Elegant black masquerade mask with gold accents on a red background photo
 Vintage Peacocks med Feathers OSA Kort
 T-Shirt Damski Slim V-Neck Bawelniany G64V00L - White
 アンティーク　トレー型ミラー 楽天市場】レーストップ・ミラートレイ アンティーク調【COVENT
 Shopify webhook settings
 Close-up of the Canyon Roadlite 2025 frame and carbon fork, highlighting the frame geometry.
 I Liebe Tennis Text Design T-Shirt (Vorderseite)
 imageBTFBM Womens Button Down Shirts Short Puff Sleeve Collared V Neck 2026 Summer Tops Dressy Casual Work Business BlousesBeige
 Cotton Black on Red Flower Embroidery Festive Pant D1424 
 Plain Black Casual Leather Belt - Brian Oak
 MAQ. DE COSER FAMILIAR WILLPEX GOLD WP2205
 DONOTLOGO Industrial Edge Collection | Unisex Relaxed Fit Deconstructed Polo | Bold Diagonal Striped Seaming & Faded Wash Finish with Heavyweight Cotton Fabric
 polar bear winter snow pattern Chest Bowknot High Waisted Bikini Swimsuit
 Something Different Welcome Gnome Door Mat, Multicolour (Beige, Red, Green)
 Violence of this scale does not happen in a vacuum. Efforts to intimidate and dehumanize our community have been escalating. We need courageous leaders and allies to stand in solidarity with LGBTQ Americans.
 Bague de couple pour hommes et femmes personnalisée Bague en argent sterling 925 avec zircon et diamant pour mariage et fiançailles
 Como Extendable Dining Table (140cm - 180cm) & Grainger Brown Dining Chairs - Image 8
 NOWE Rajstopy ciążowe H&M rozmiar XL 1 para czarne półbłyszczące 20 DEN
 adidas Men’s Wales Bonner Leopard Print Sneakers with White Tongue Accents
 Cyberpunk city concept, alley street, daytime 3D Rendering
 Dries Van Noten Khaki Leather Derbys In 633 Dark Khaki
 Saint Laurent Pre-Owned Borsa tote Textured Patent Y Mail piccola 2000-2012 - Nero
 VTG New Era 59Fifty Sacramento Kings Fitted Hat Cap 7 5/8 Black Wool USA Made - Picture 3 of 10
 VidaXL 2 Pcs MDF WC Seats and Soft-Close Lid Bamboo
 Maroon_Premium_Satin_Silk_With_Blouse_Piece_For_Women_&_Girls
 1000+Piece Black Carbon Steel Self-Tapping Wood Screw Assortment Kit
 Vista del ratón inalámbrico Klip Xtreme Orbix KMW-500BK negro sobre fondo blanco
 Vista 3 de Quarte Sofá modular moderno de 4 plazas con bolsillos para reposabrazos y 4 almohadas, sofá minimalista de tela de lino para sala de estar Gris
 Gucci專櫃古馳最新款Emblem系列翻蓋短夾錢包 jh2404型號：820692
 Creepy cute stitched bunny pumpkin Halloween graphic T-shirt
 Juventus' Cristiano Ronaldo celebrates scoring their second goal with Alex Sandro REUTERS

--------------------------------------------------

Exercise objective: Reproduce word for word the material above, beginning with the line that contains "アンティーク　トレー型ミラー 楽天市場】レーストップ・ミラートレイ アンティーク調【COVENT" and ending with the line that contains "Dries Van Noten".

Task answer:
 アンティーク　トレー型ミラー 楽天市場】レーストップ・ミラートレイ アンティーク調【COVENT
 Shopify webhook settings
 Close-up of the Canyon Roadlite 2025 frame and carbon fork, highlighting the frame geometry.
 I Liebe Tennis Text Design T-Shirt (Vorderseite)
 imageBTFBM Womens Button Down Shirts Short Puff Sleeve Collared V Neck 2026 Summer Tops Dressy Casual Work Business BlousesBeige
 Cotton Black on Red Flower Embroidery Festive Pant D1424 
 Plain Black Casual Leather Belt - Brian Oak
 MAQ. DE COSER FAMILIAR WILLPEX GOLD WP2205
 DONOTLOGO Industrial Edge Collection | Unisex Relaxed Fit Deconstructed Polo | Bold Diagonal Striped Seaming & Faded Wash Finish with Heavyweight Cotton Fabric
 polar bear winter snow pattern Chest Bowknot High Waisted Bikini Swimsuit
 Something Different Welcome Gnome Door Mat, Multicolour (Beige, Red, Green)
 Violence of this scale does not happen in a vacuum. Efforts to intimidate and dehumanize our community have been escalating. We need courageous leaders and allies to stand in solidarity with LGBTQ Americans.
 Bague de couple pour hommes et femmes personnalisée Bague en argent sterling 925 avec zircon et diamant pour mariage et fiançailles
 Como Extendable Dining Table (140cm - 180cm) & Grainger Brown Dining Chairs - Image 8
 NOWE Rajstopy ciążowe H&M rozmiar XL 1 para czarne półbłyszczące 20 DEN
 adidas Men’s Wales Bonner Leopard Print Sneakers with White Tongue Accents
 Cyberpunk city concept, alley street, daytime 3D Rendering
 Dries Van Noten Khaki Leather Derbys In 633 Dark Khaki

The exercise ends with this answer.